■ Instructions to follow: All entries are to be quoted exactly; the images stay out of the copy.

■ Given data:
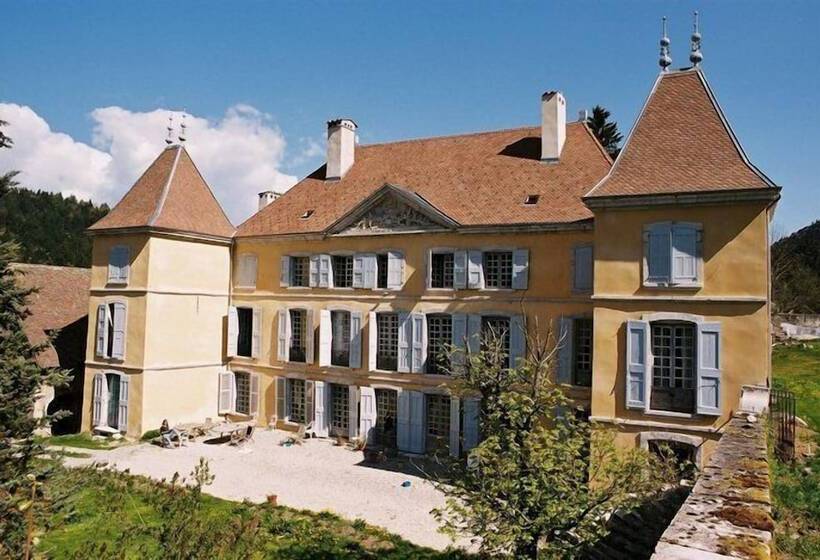 مبيت وإفطار Le Château De Bardonenche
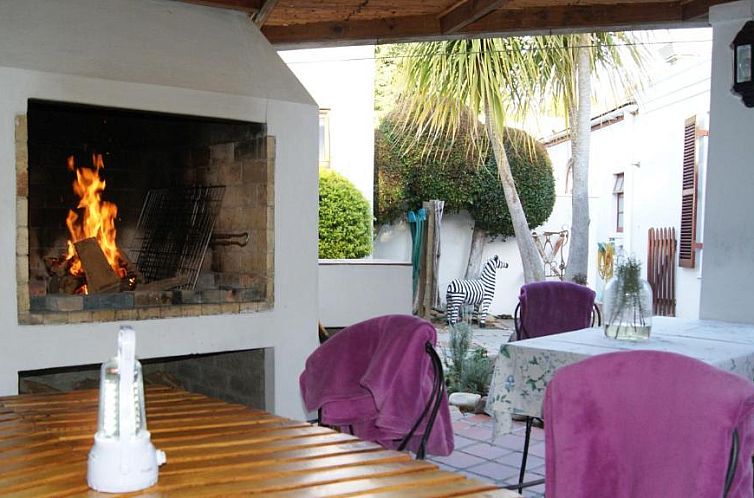 GuBas De Hoek meet eat sleep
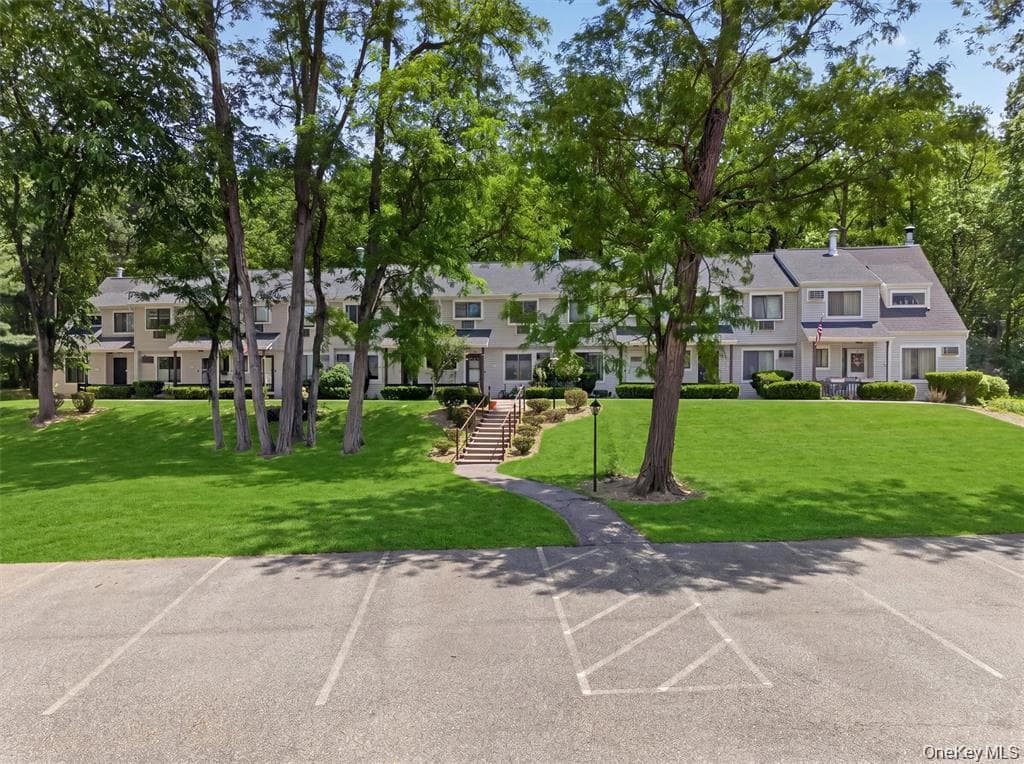 607 Mountain Laurel Drive thumbnail 5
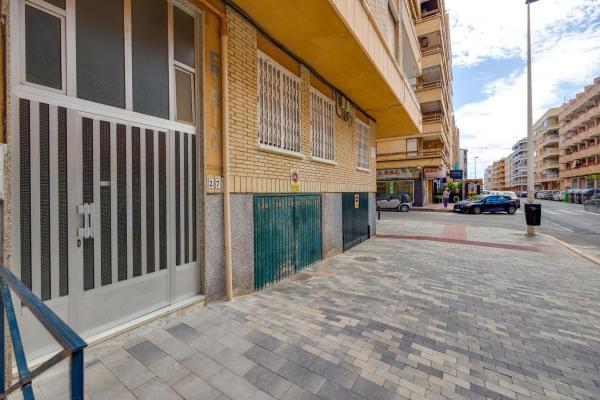 Venta de piso en Piso en Playa del Cura, Torrevieja, Torrevieja
thumbnail 3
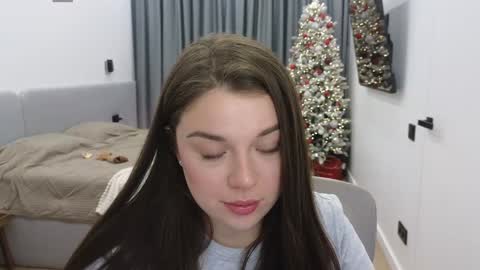 Snapshot of tutti_frutti_ chatting on 12.03.24 Ariana online show from 12.03.24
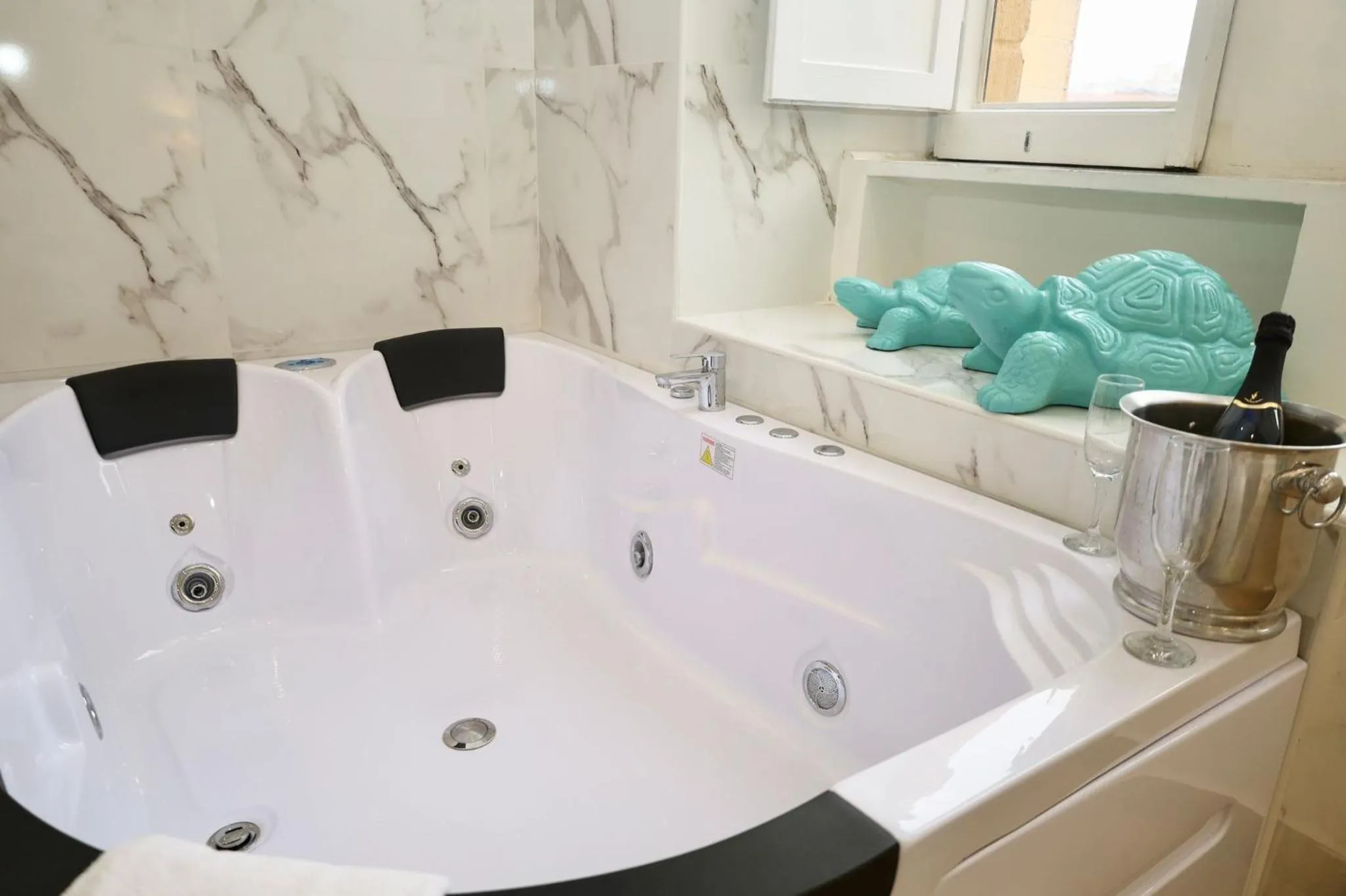 Hot Tub in Covo Degli Angioini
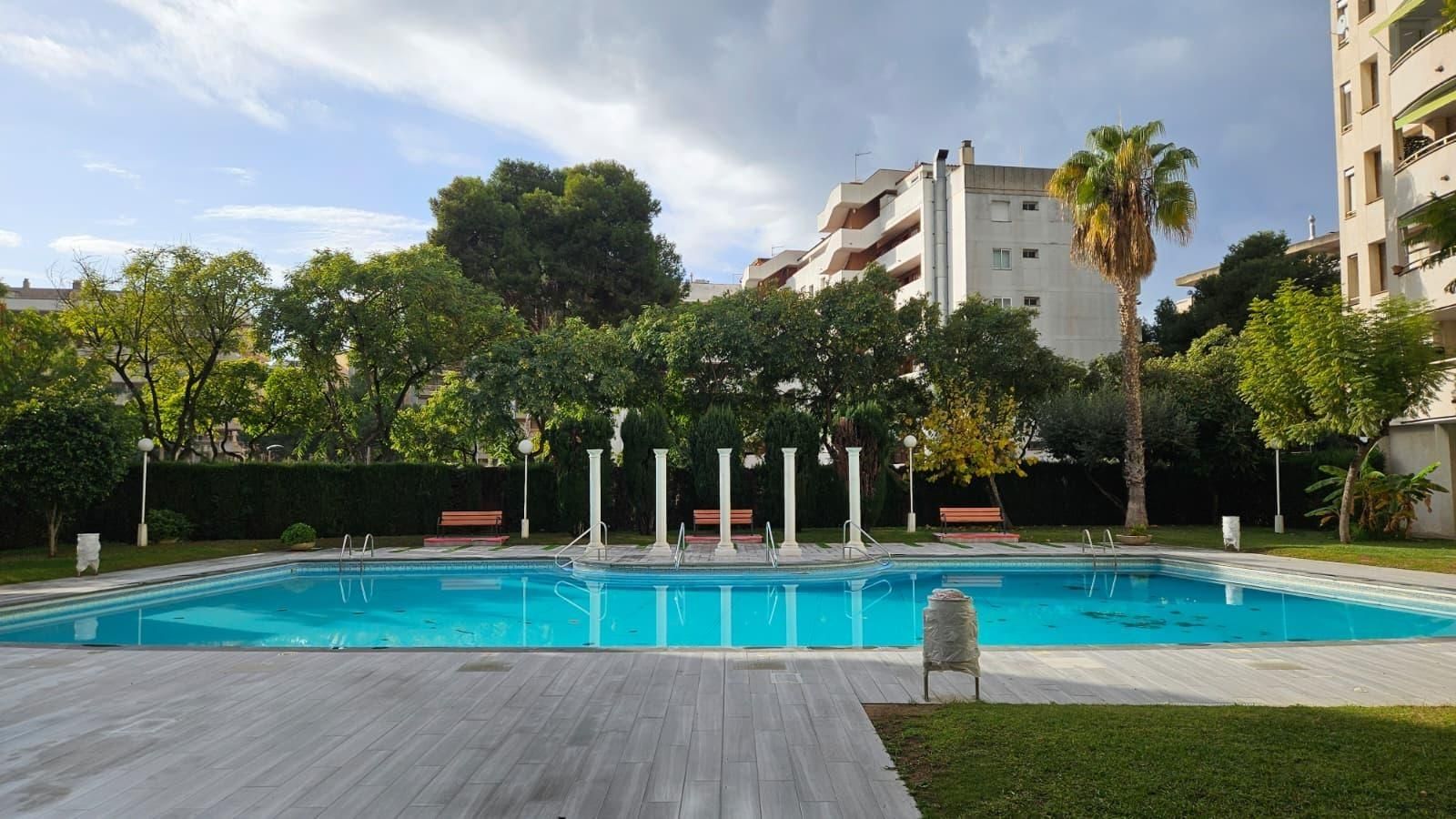 Piscina de Pis en venda en Salou amb Jardí privat, Parquet i Terrassa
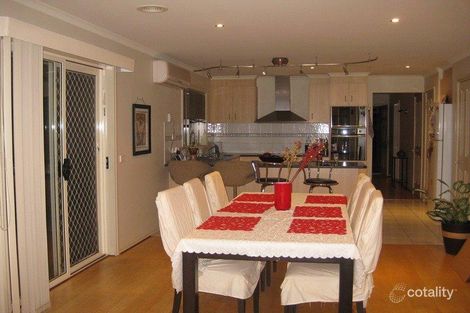 Property photo of 9 Prestwick Green Cranbourne VIC 3977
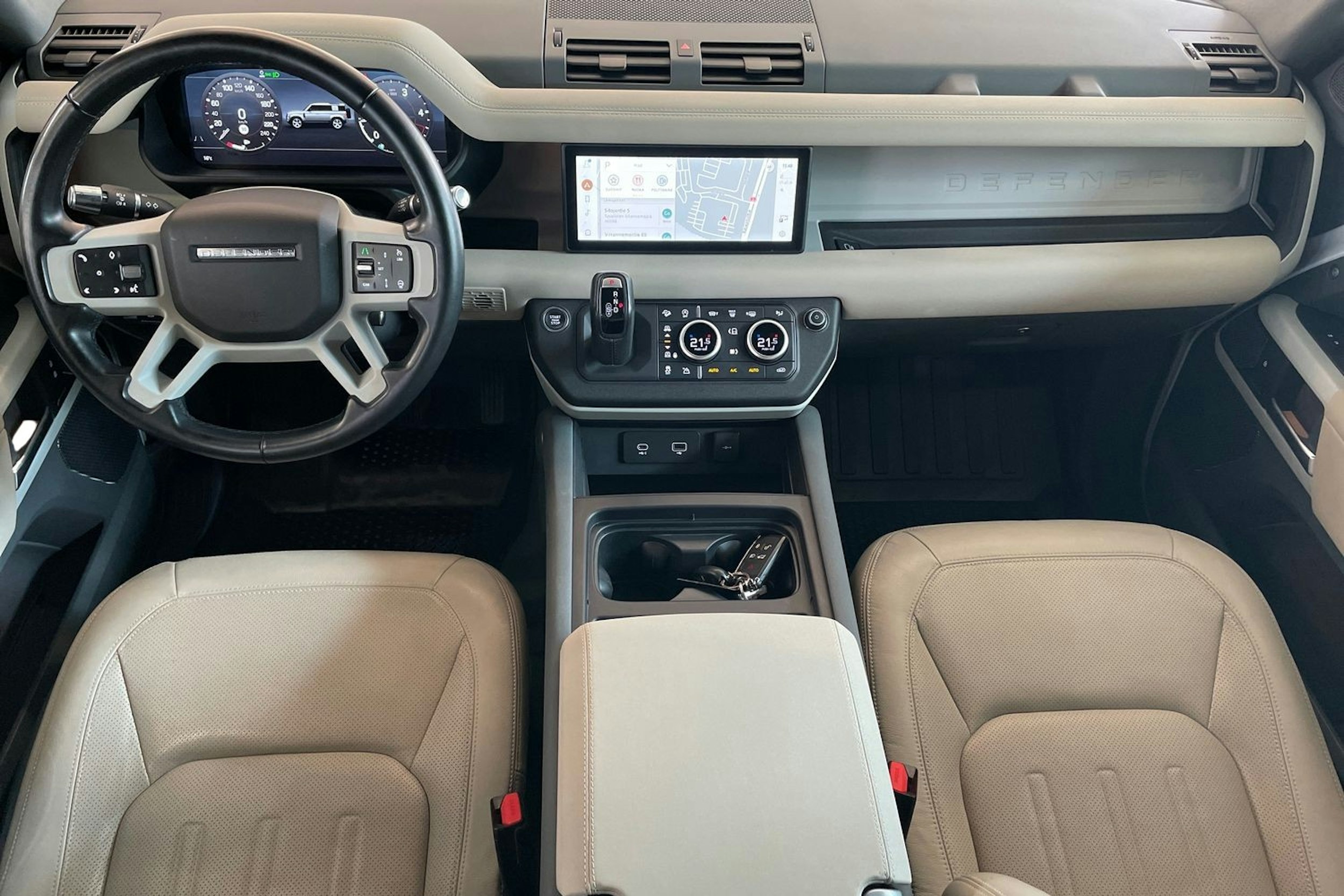 Valkoinen Land Rover Defender 2022 kuva 9.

■ Solution for this problem:
 مبيت وإفطار Le Château De Bardonenche
 GuBas De Hoek meet eat sleep
 607 Mountain Laurel Drive thumbnail 5
 Venta de piso en Piso en Playa del Cura, Torrevieja, Torrevieja
thumbnail 3
 Snapshot of tutti_frutti_ chatting on 12.03.24 Ariana online show from 12.03.24
 Hot Tub in Covo Degli Angioini
 Piscina de Pis en venda en Salou amb Jardí privat, Parquet i Terrassa
 Property photo of 9 Prestwick Green Cranbourne VIC 3977
 Valkoinen Land Rover Defender 2022 kuva 9.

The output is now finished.